Assignment:
Working from the data below, write out exactly the lines from its first through the line that contains "A rotary dial", both ends included and pictures omitted.

───── Recorded information ─────

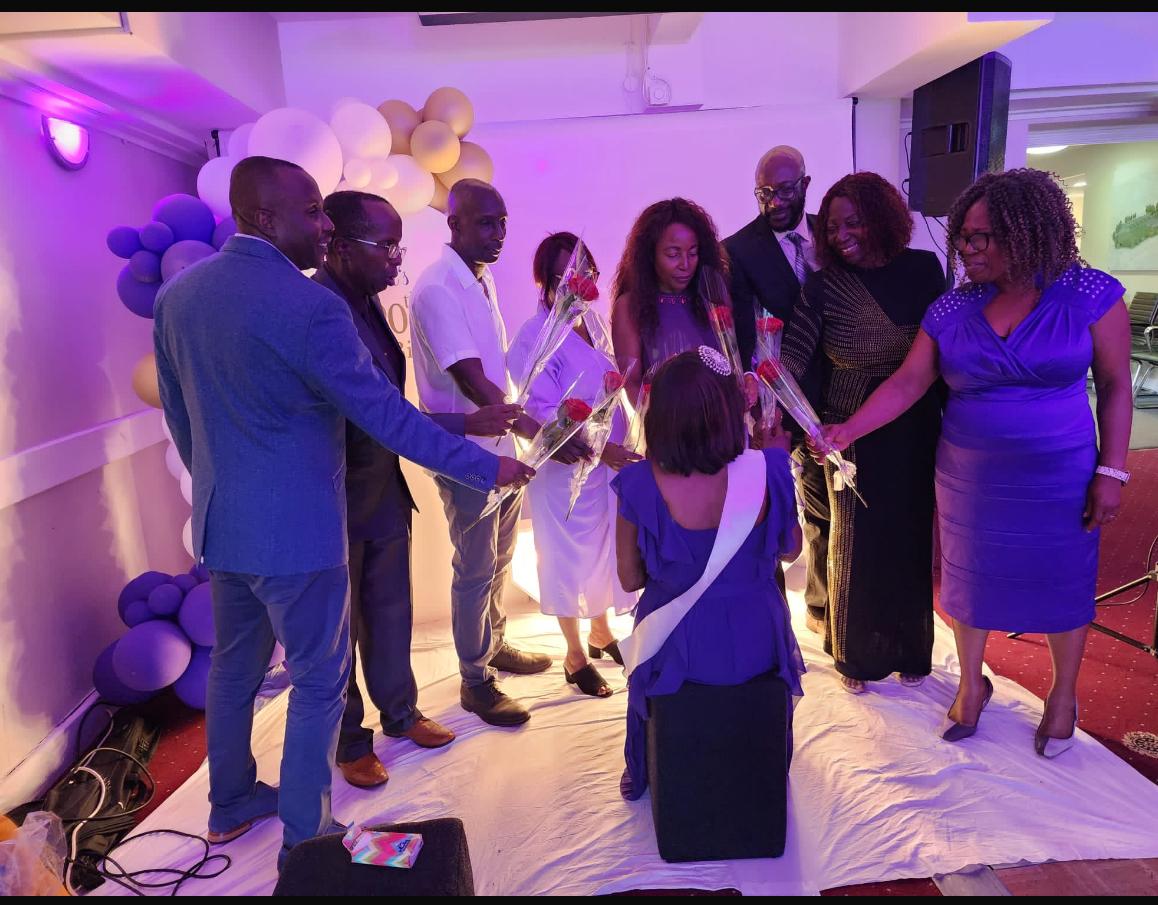 All 8 siblings presenting roses to Zetilda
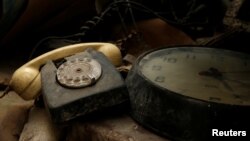 A rotary dial telephone set and clock are seen in the NATO tunnels dating back to the Cold War in the War Headquarters tunnels beneath Valletta, Malta, March 28, 2017.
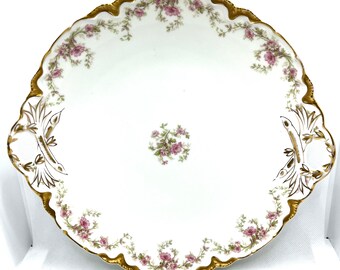 May include: A round white porcelain serving platter with a scalloped edge trimmed in gold. The plate features a central cluster of pink flowers and green leaves, with matching floral garlands along the rim and gold accents on the handles.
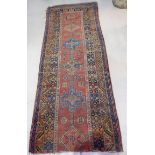 An early 20th century Middle Eastern hand knotted runner, brick red ground (one end missing)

─────

Answer to this problem:
 All 8 siblings presenting roses to Zetilda
 A rotary dial telephone set and clock are seen in the NATO tunnels dating back to the Cold War in the War Headquarters tunnels beneath Valletta, Malta, March 28, 2017.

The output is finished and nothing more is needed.